_Work required:_ From the first line to the last, reproduce the records below exactly, omitting any picture.

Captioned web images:
★ ★ ★ ★ ★

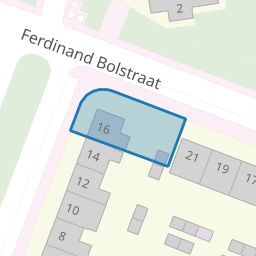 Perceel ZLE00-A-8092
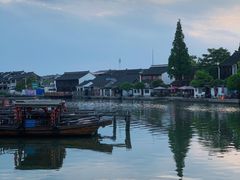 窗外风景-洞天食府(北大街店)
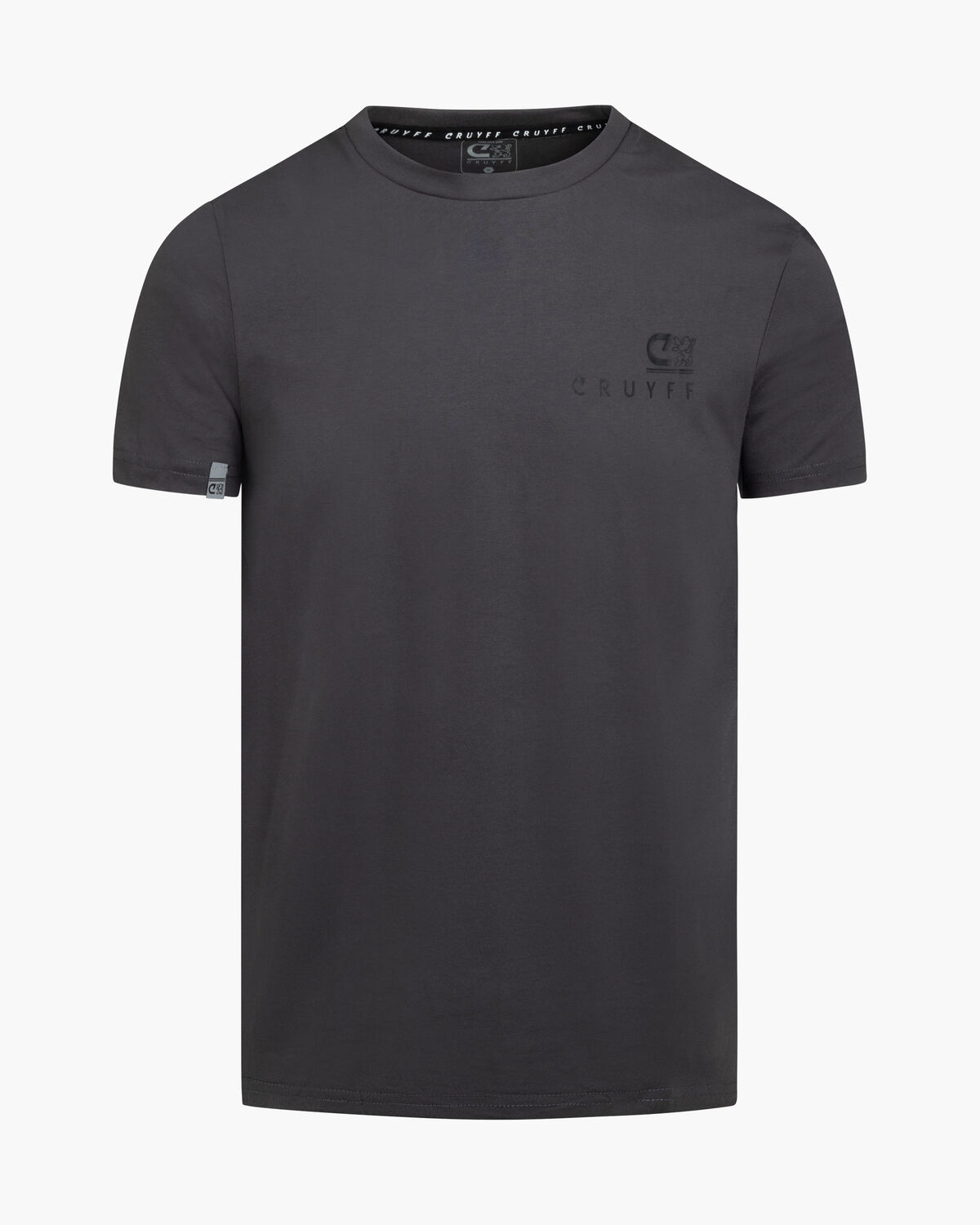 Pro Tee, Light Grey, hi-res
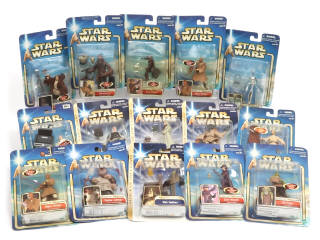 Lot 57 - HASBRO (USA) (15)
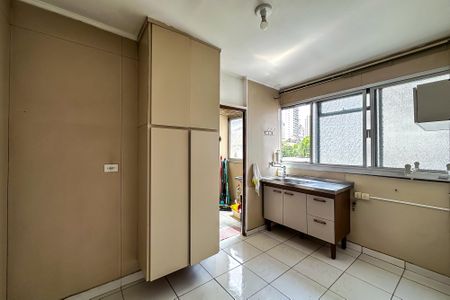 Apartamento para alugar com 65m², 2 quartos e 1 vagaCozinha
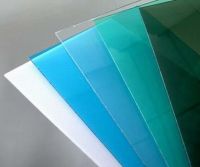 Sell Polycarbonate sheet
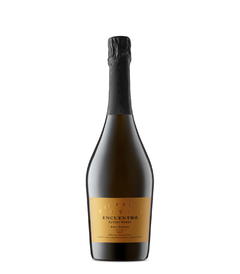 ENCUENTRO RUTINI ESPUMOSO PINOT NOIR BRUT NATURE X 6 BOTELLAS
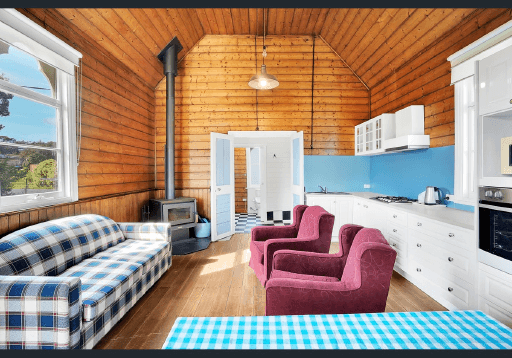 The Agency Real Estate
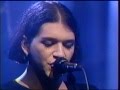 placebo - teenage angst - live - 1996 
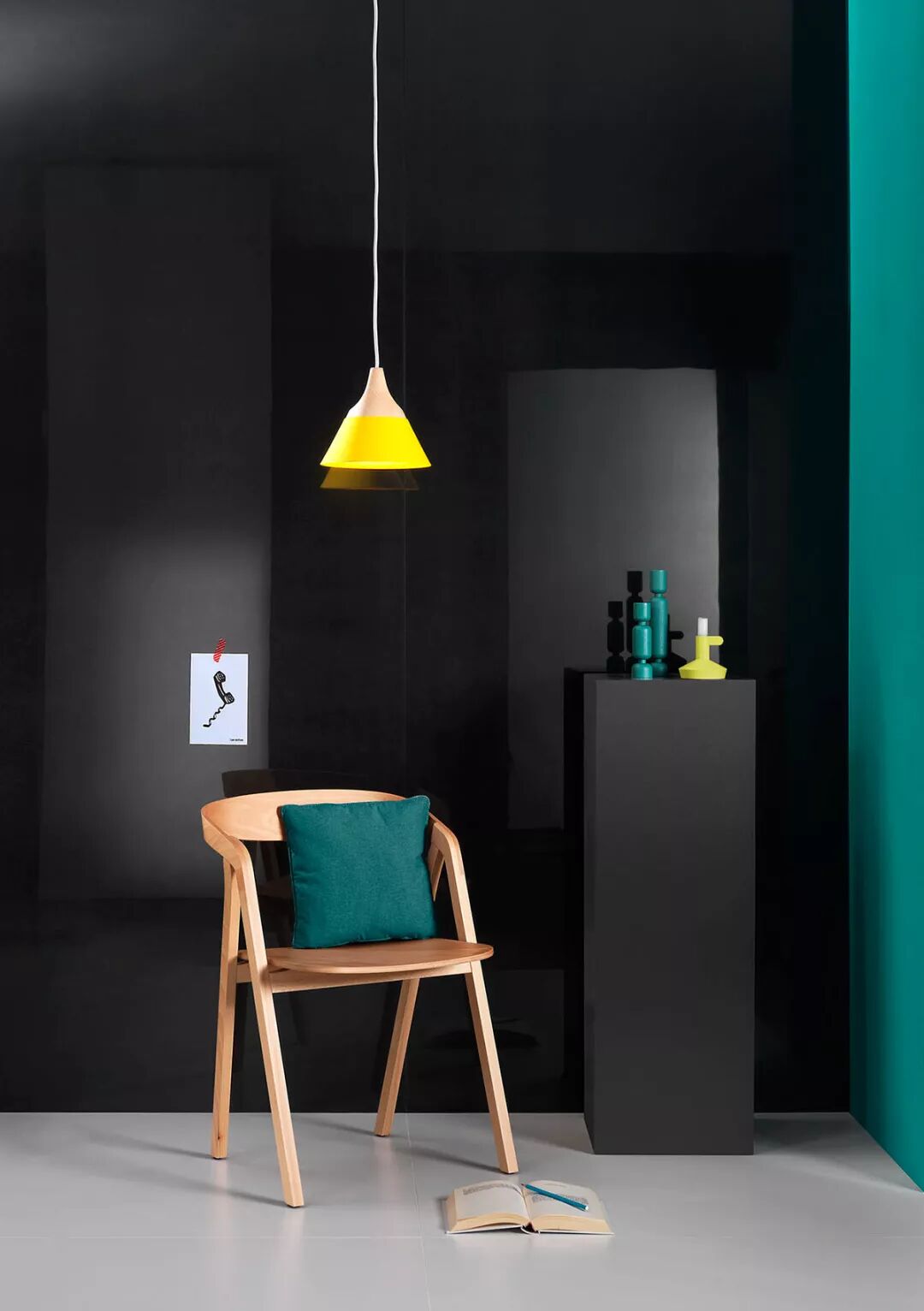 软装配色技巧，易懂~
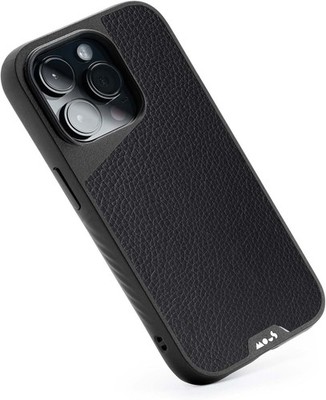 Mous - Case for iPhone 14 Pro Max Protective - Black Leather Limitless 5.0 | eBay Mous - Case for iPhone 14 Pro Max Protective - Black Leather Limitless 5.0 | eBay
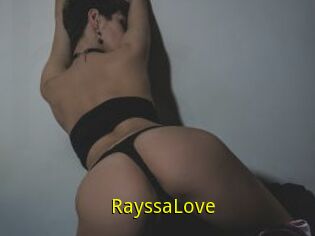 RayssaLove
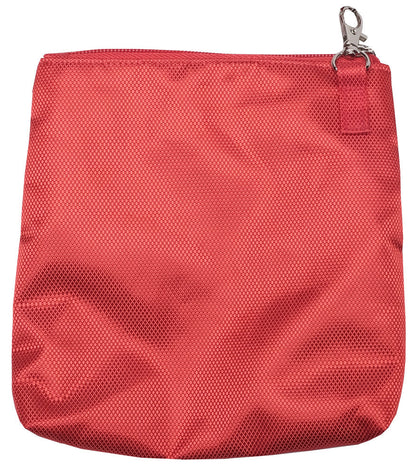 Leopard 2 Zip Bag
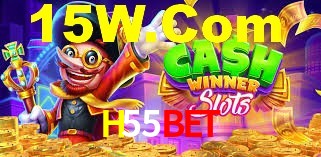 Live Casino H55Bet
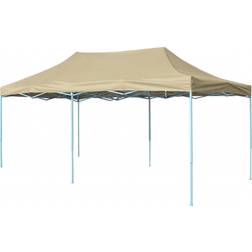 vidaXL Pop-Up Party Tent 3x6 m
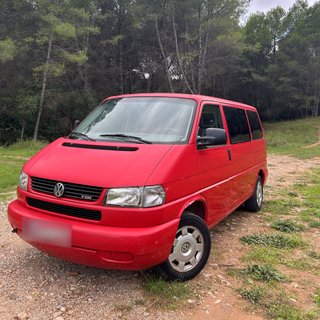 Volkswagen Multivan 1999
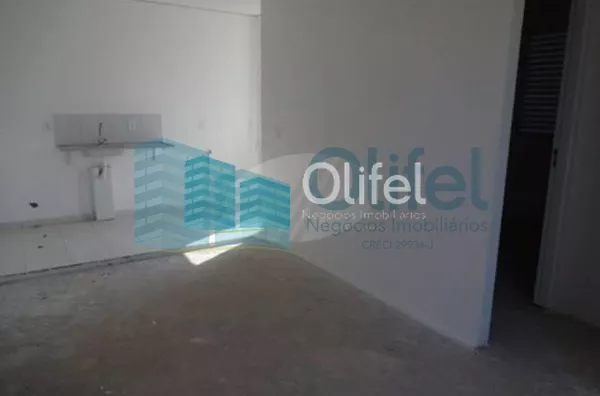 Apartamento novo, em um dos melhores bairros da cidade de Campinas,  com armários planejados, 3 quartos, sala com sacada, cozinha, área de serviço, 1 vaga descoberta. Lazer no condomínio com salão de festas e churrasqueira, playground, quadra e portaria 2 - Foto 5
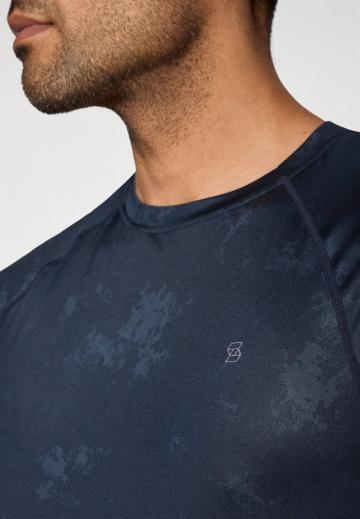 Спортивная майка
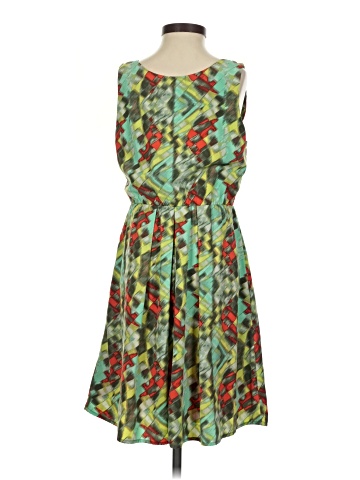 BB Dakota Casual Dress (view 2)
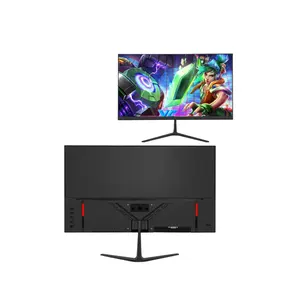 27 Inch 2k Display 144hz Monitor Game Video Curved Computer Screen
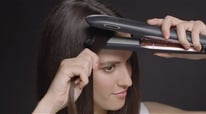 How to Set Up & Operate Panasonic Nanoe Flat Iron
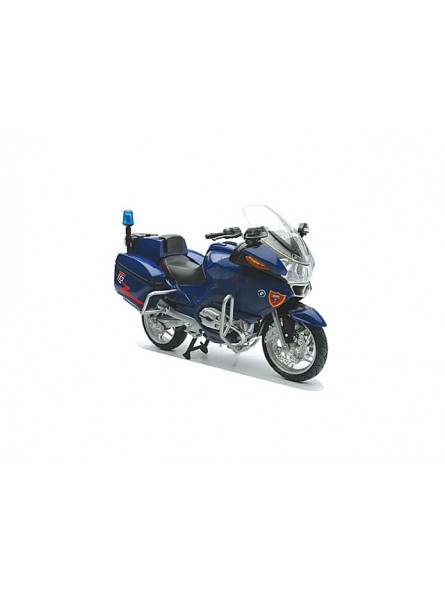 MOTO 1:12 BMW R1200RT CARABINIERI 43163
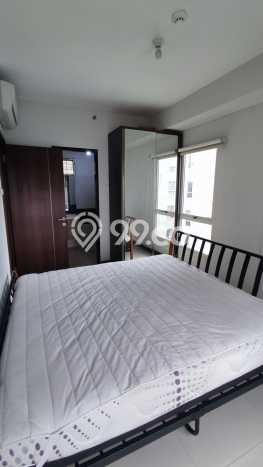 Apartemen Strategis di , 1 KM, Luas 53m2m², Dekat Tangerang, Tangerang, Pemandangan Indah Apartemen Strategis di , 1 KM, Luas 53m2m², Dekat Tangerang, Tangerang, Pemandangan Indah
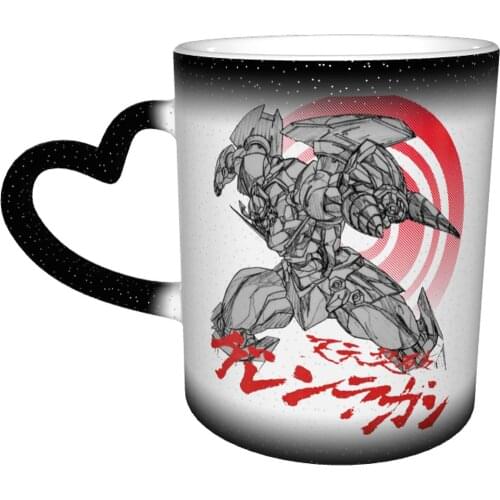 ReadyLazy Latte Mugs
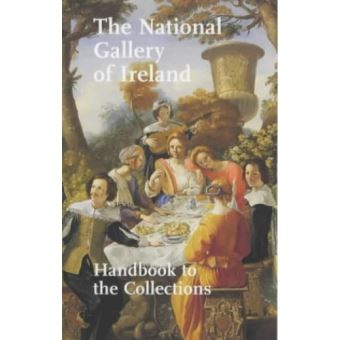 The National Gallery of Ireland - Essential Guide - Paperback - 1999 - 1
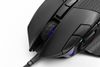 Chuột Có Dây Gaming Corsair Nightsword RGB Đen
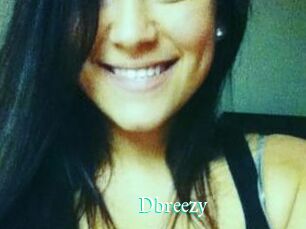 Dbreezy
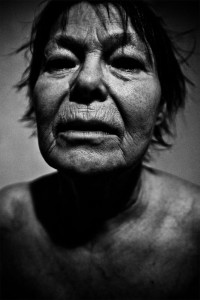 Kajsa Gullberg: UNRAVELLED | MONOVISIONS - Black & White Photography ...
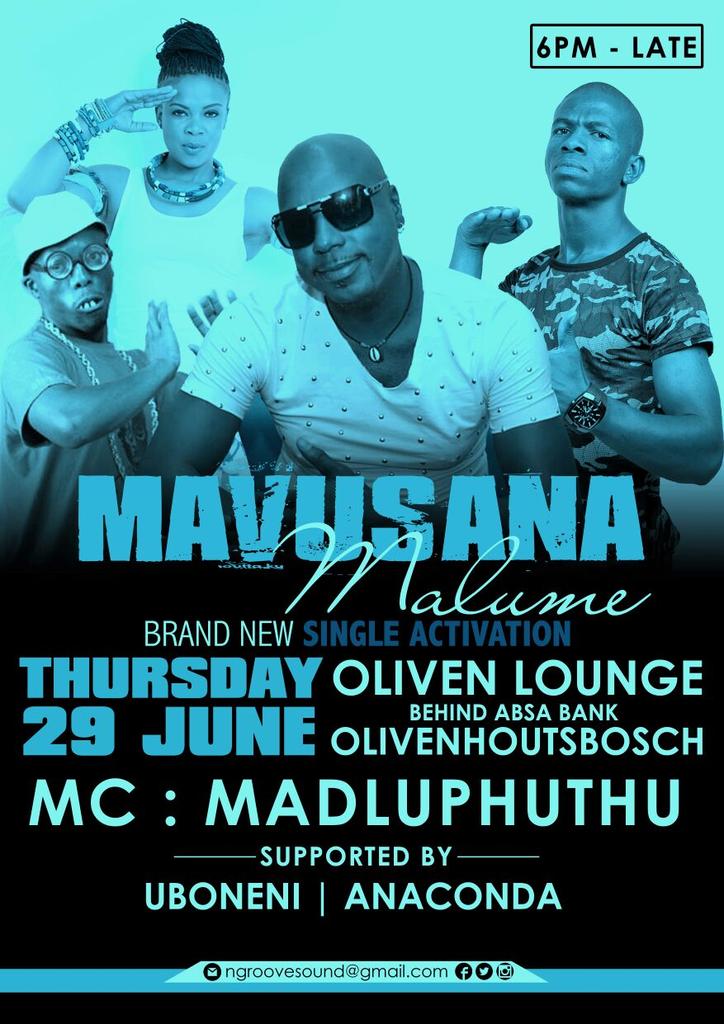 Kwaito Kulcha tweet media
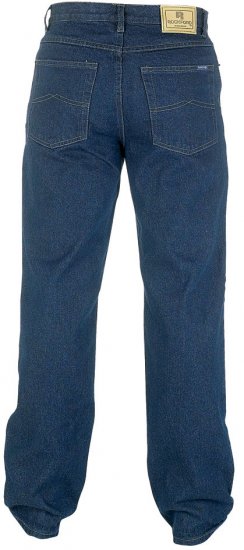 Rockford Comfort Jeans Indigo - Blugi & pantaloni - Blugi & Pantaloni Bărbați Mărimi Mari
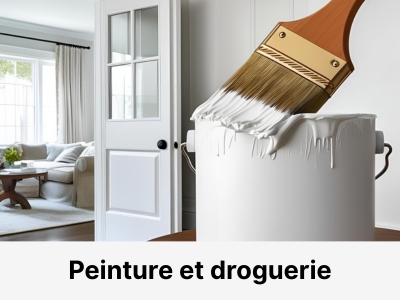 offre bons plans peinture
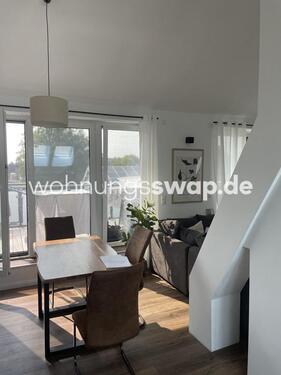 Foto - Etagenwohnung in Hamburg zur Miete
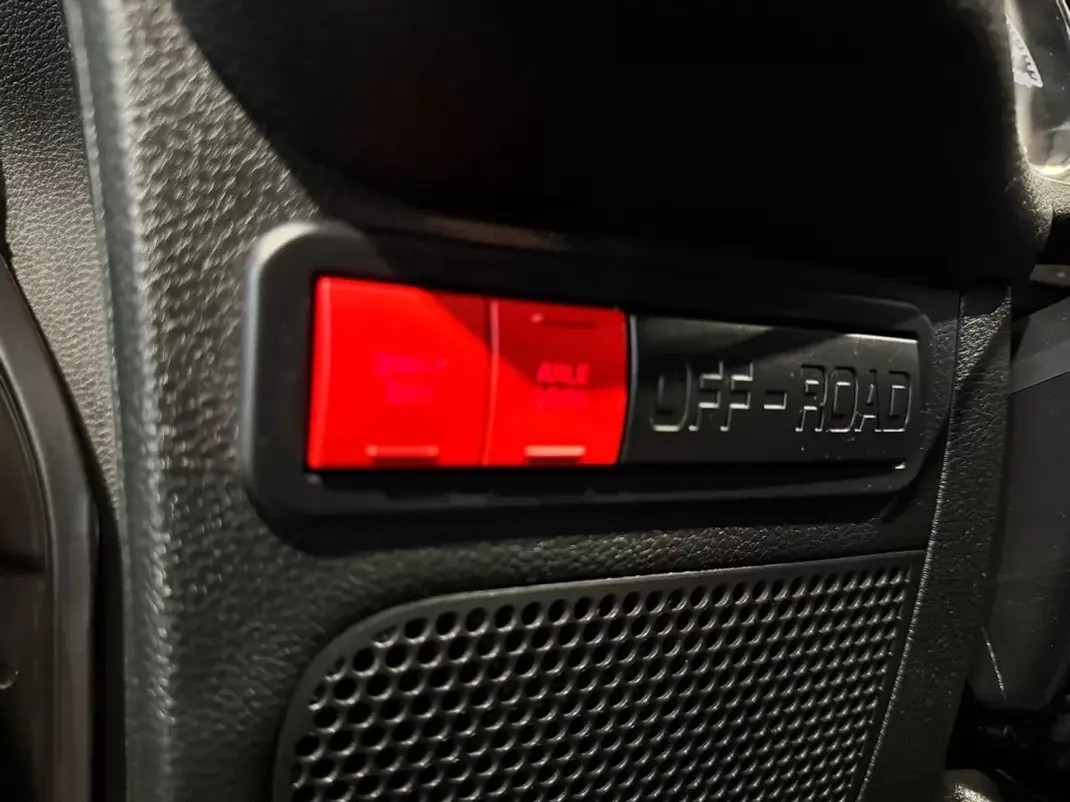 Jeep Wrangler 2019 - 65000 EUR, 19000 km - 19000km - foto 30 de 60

★ ★ ★ ★ ★

_Solution to this exercise:_
 Perceel ZLE00-A-8092
 窗外风景-洞天食府(北大街店)
 Pro Tee, Light Grey, hi-res
 Lot 57 - HASBRO (USA) (15)
 Apartamento para alugar com 65m², 2 quartos e 1 vagaCozinha
 Sell Polycarbonate sheet
 ENCUENTRO RUTINI ESPUMOSO PINOT NOIR BRUT NATURE X 6 BOTELLAS
 The Agency Real Estate
 placebo - teenage angst - live - 1996 
 软装配色技巧，易懂~
 Mous - Case for iPhone 14 Pro Max Protective - Black Leather Limitless 5.0 | eBay Mous - Case for iPhone 14 Pro Max Protective - Black Leather Limitless 5.0 | eBay
 RayssaLove
 Leopard 2 Zip Bag
 Live Casino H55Bet
 vidaXL Pop-Up Party Tent 3x6 m
 Volkswagen Multivan 1999
 Apartamento novo, em um dos melhores bairros da cidade de Campinas,  com armários planejados, 3 quartos, sala com sacada, cozinha, área de serviço, 1 vaga descoberta. Lazer no condomínio com salão de festas e churrasqueira, playground, quadra e portaria 2 - Foto 5
 Спортивная майка
 BB Dakota Casual Dress (view 2)
 27 Inch 2k Display 144hz Monitor Game Video Curved Computer Screen
 How to Set Up & Operate Panasonic Nanoe Flat Iron
 MOTO 1:12 BMW R1200RT CARABINIERI 43163
 Apartemen Strategis di , 1 KM, Luas 53m2m², Dekat Tangerang, Tangerang, Pemandangan Indah Apartemen Strategis di , 1 KM, Luas 53m2m², Dekat Tangerang, Tangerang, Pemandangan Indah
 ReadyLazy Latte Mugs
 The National Gallery of Ireland - Essential Guide - Paperback - 1999 - 1
 Chuột Có Dây Gaming Corsair Nightsword RGB Đen
 Dbreezy
 Kajsa Gullberg: UNRAVELLED | MONOVISIONS - Black & White Photography ...
 Kwaito Kulcha tweet media
 Rockford Comfort Jeans Indigo - Blugi & pantaloni - Blugi & Pantaloni Bărbați Mărimi Mari
 offre bons plans peinture
 Foto - Etagenwohnung in Hamburg zur Miete
 Jeep Wrangler 2019 - 65000 EUR, 19000 km - 19000km - foto 30 de 60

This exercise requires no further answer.